The Boston Globe’s Spotlight team — the same spotlight reporting department that was behind the Catholic clergy sex abuse scandal that gave way to the eponymous Spotlight movie — decided to focus its latest reporting efforts on the origins, life and death of former Patriots tight end Aaron Hernandez.
The newspaper’s first chapter of its story was released Sunday and included a number of interesting details about Hernandez’s youth in Bristol, Conn. and at Bristol (Conn.) Central High School. Most of those stories had been heard before in one place or another, but the Globe did reveal one rather audacious scoop: Hernandez’s quarterback and closest friend at Bristol Central, Dennis SanSoucie, now claims that the two had a homosexual relationship while they played together in high school.
For the first time publicly, SanSoucie also talked about a now-and-then sexual relationship he had with Aaron, which began in middle school and continued through high school.
“Me and him were very much into trying to hide what we were doing. We didn’t want people to know,” Dennis SanSoucie said in an interview.
SanSoucie said he and Hernandez worked hard to keep their relationship a secret. In their traditional community of Bristol, where Dennis was bound for the military and Aaron for big-time football, it was not something they wanted people to know about.
There’s no question that SanSoucie’s revelation shines a new light on the purported claims which emerged after Hernandez’s suicide that the former NFL tight end had a male prison lover.
That’s not relevant to his state record-setting high school career, but his relationship with SanSoucie is.
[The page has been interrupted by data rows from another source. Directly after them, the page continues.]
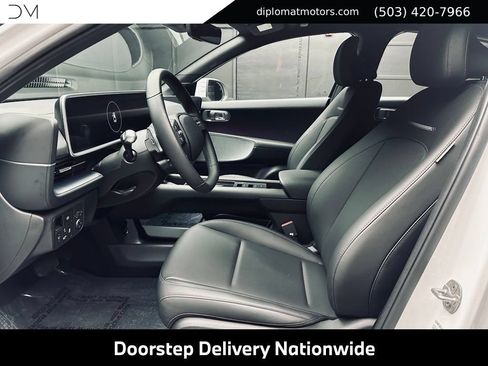 Used 2025 Hyundai Ioniq 6 SEL AWD/4WD image 18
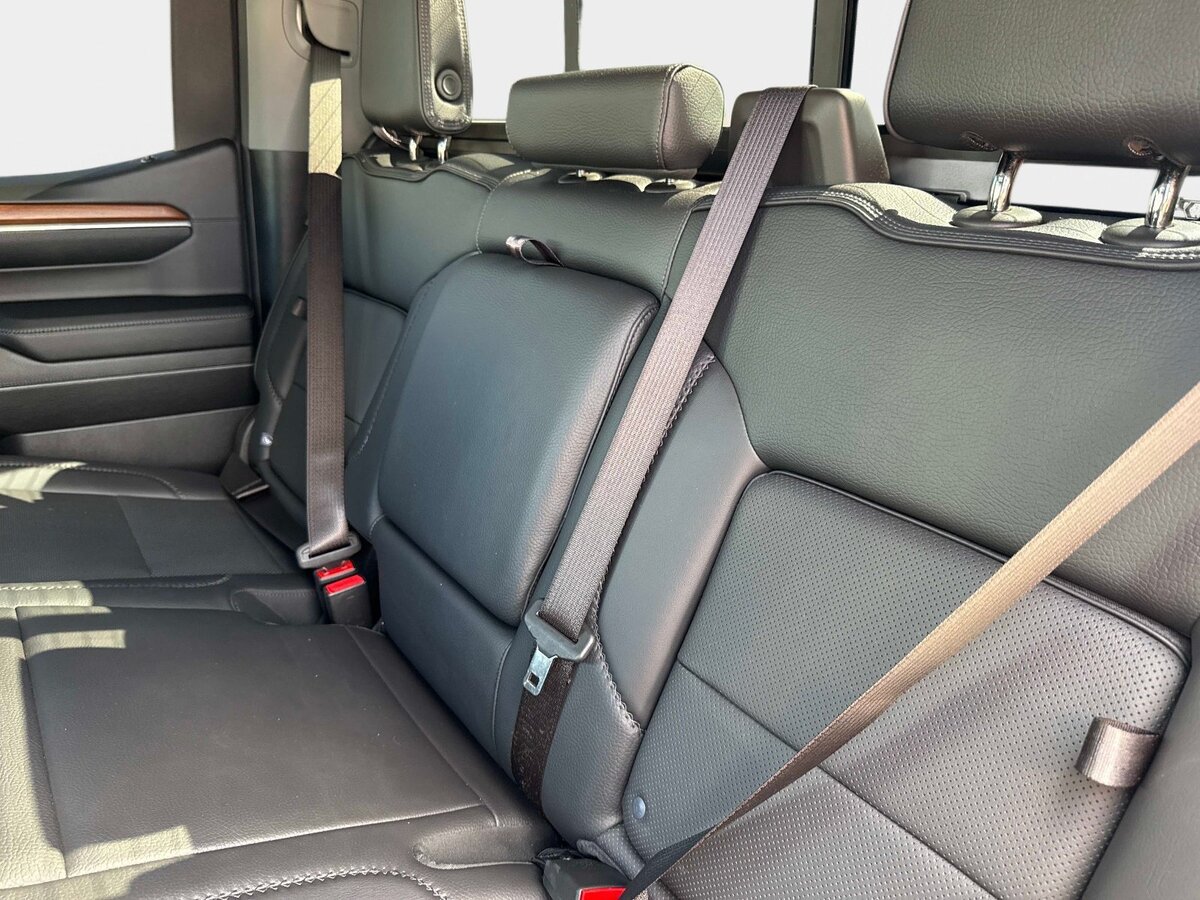 Used 2024 GMC Sierra 1500 Denali w/ Denali Reserve Package RWD image 12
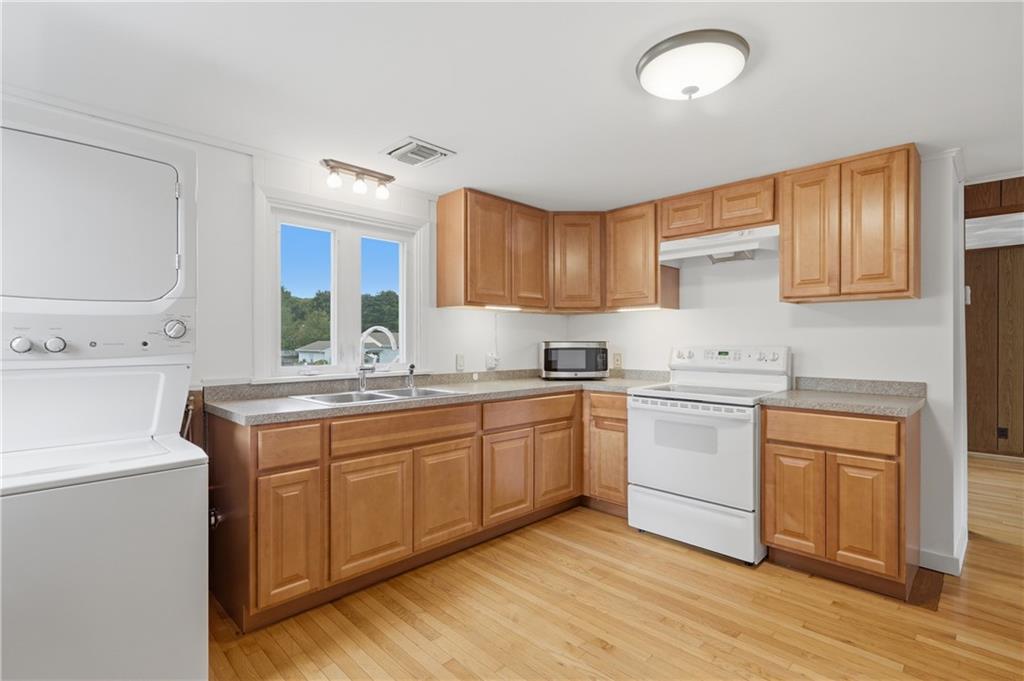 282 Ronald Avenue Property Photo 25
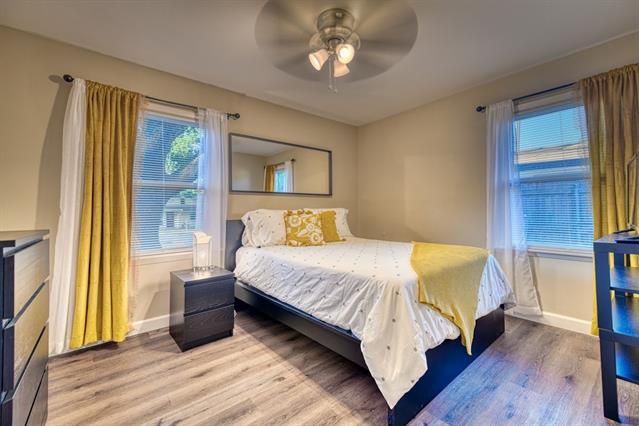 Foto del edificio - 2426 Cloverdale St
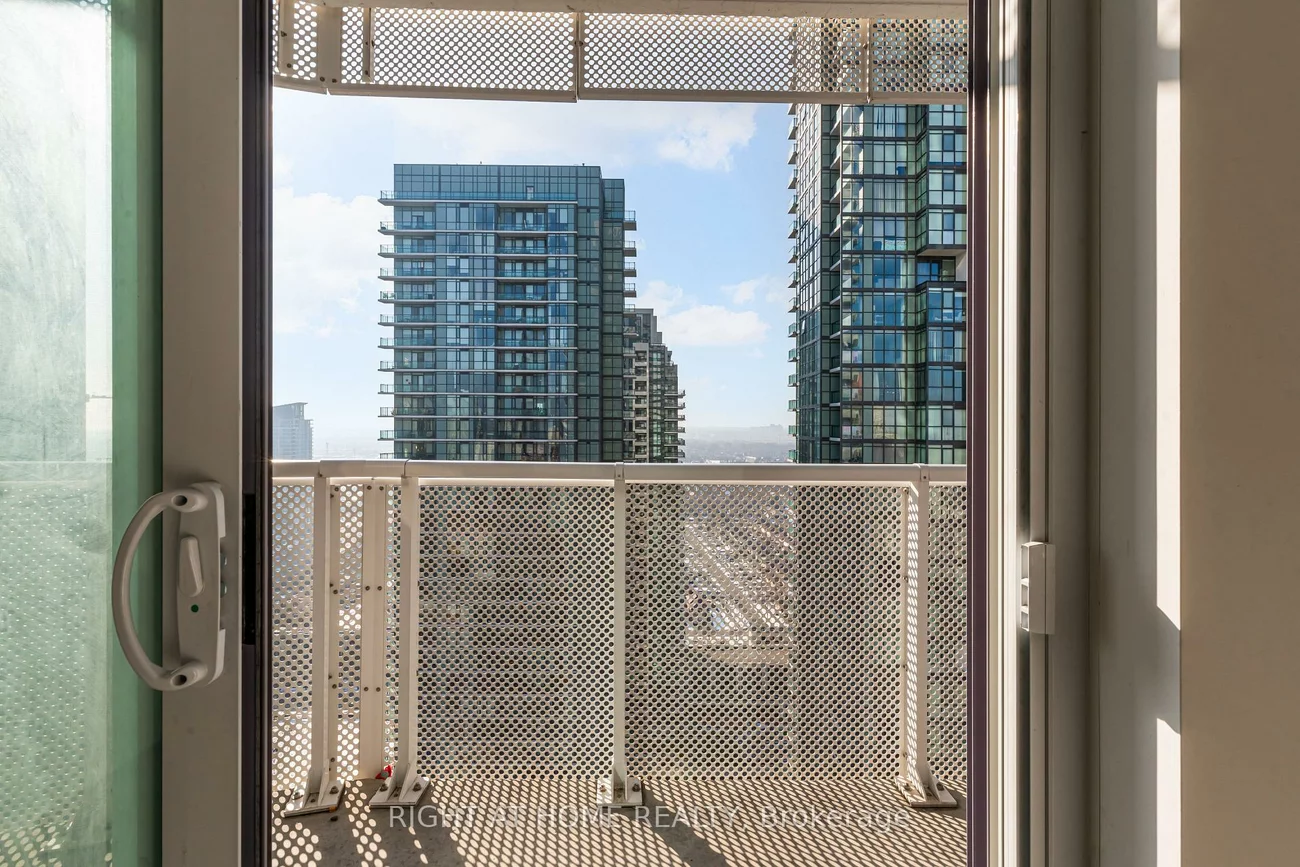 4065, Confederation, City Centre, Mississauga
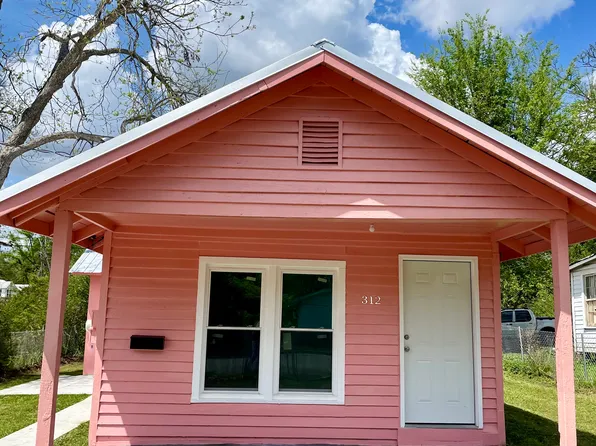 312 Lucky St, Swainsboro, GA 30401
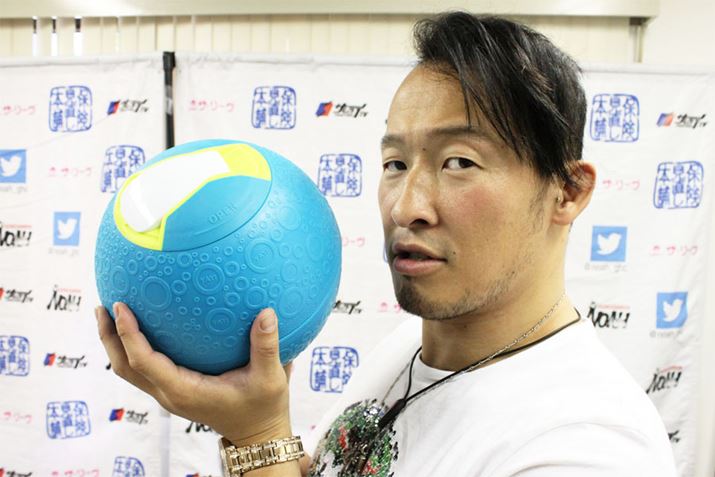 �{���ɕ��ʂ̃{�[���̂悤�B�T�b�J�[�{�[�����炢�̑傫�����ȁH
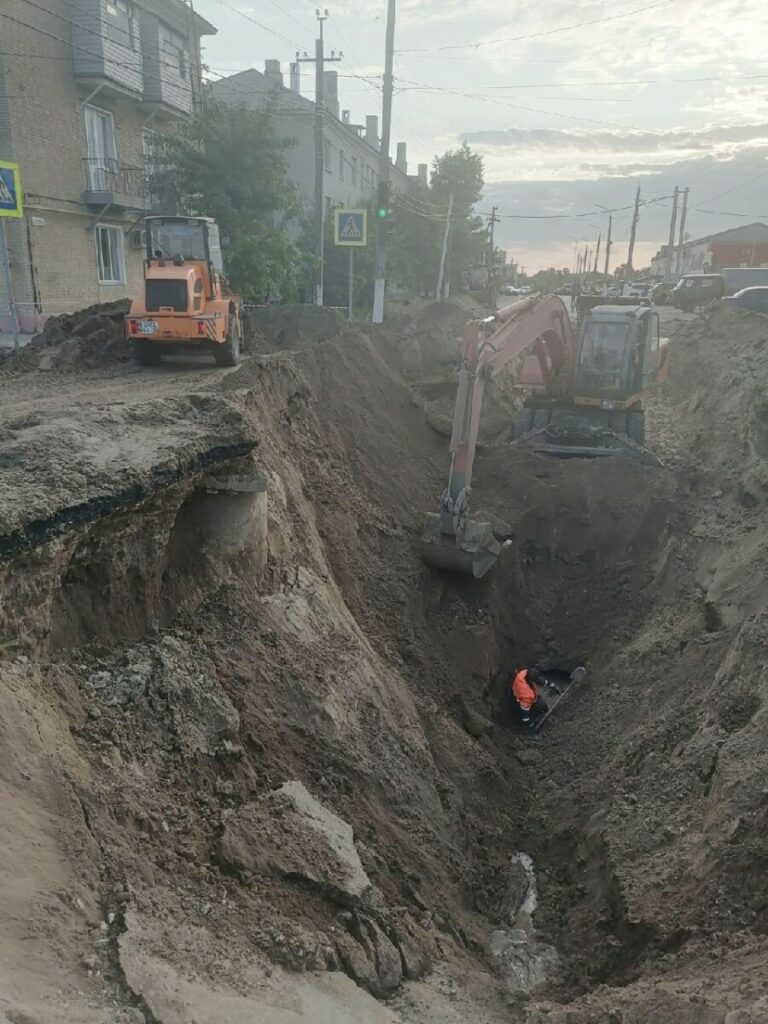 Центральная улица Урюпинска ушла под землю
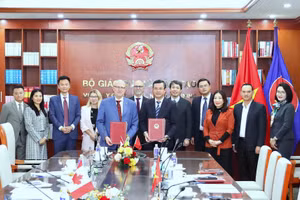 Hai bên ký kết thoả thuận hợp tác giáo dục đại học.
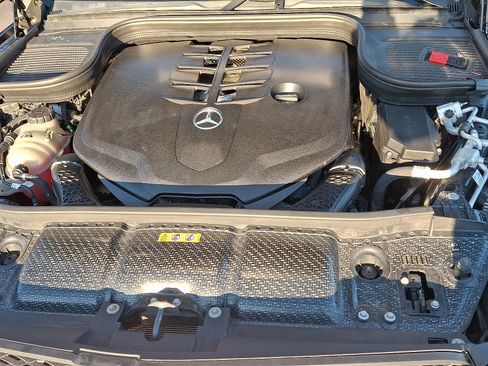 Used 2021 Mercedes-Benz GLS 580 GLS 580 image 30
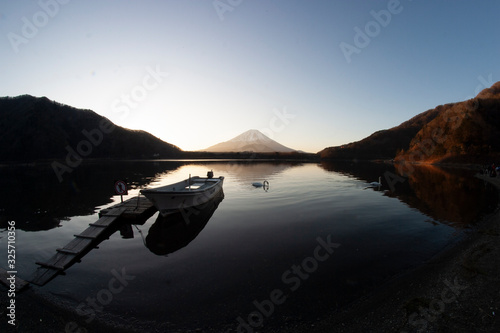 Morning Silent lake 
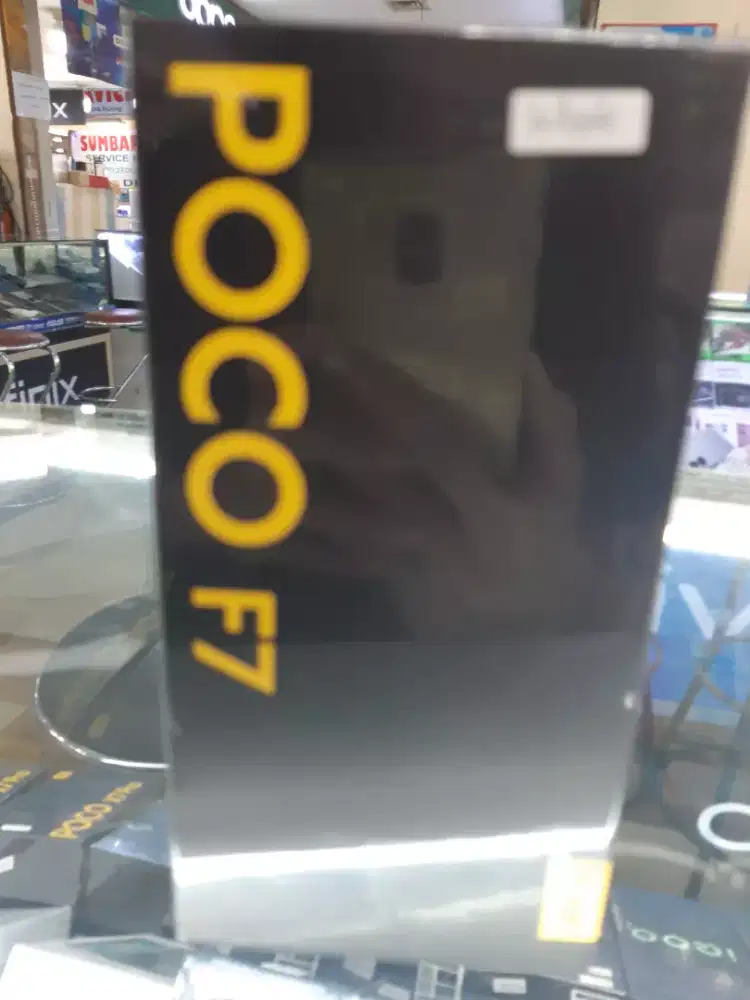 Di jual poco f7 12/512 resmi tam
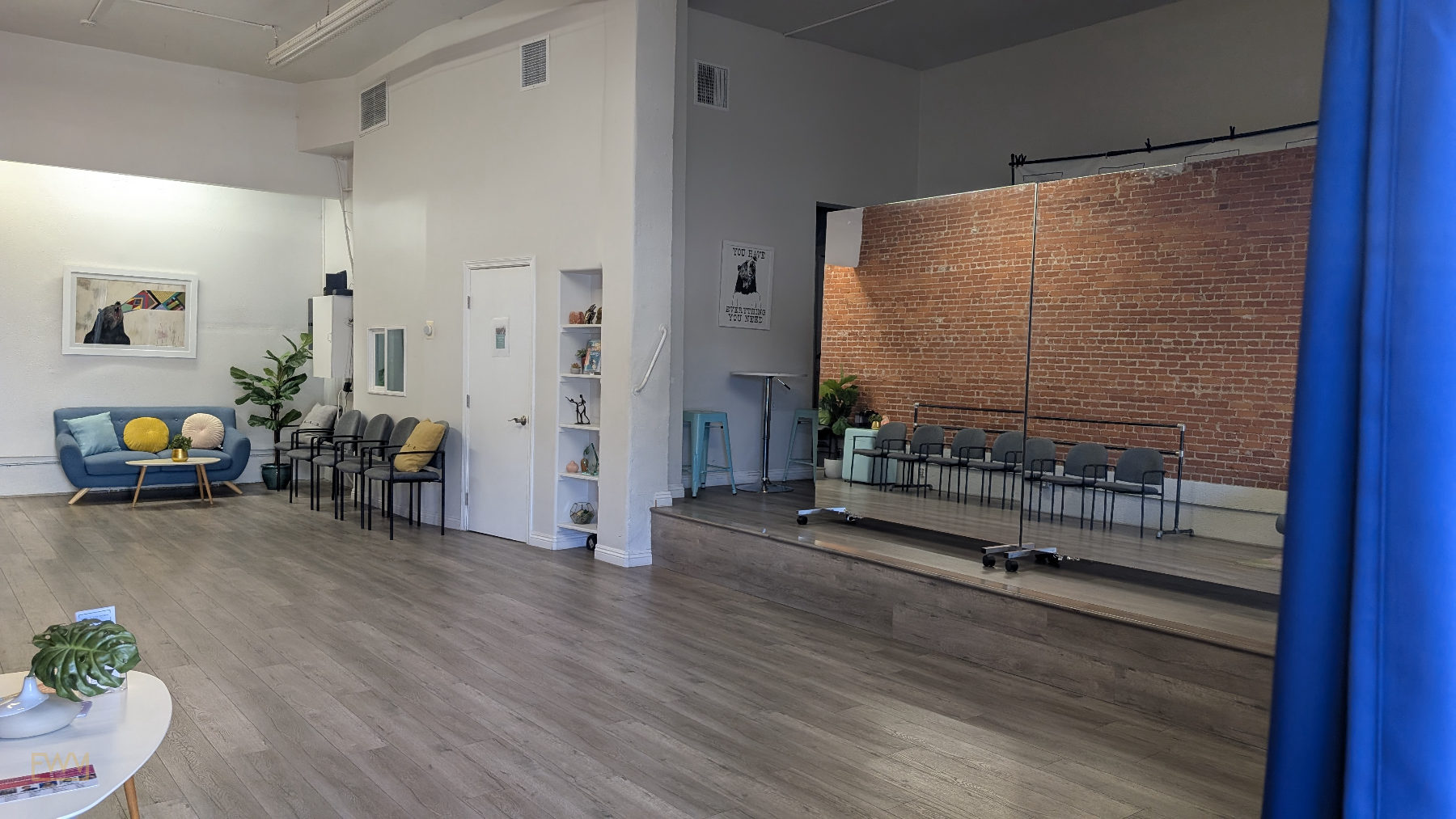 Renovated First Floor Dance Studio on Vermont Avenue, 93 sqm, showroom presentation, pop-up rental in Los Angeles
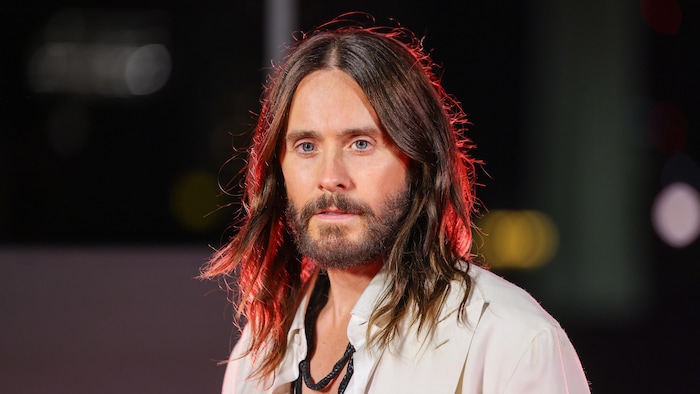 Jared Leto pose.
And the impact it had on his later development and behavior, including his violent streak that evolved into multiple alleged manslaughter incidents, including the murder of Odin Lloyd for which he was convicted, sentenced and during which he eventually committed suicide.
The same report also noted that Hernandez had once wanted to be a cheerleader, leading to an altercation with his father, Dennis “King” Hernandez.
“I remember he wanted to be a cheerleader. My cousins were cheerleaders and amazing,” Jonathan (formerly D.J.) Hernandez told the Globe. “And I remember coming home and like my dad put an end to that really quick. And it was not OK. My dad made it clear that … he had his definition of a man.”
Both the alleged on-again, off-again homosexuality and desire to be a cheerleader speak to Hernandez’s complex identity issues, all of which may have contributed to the underlying currents that eventually resulted in stirring violence behind the scenes of almost immeasurable athletic talent, a caustic cocktail that launched his fame and also eventually led to his suicide.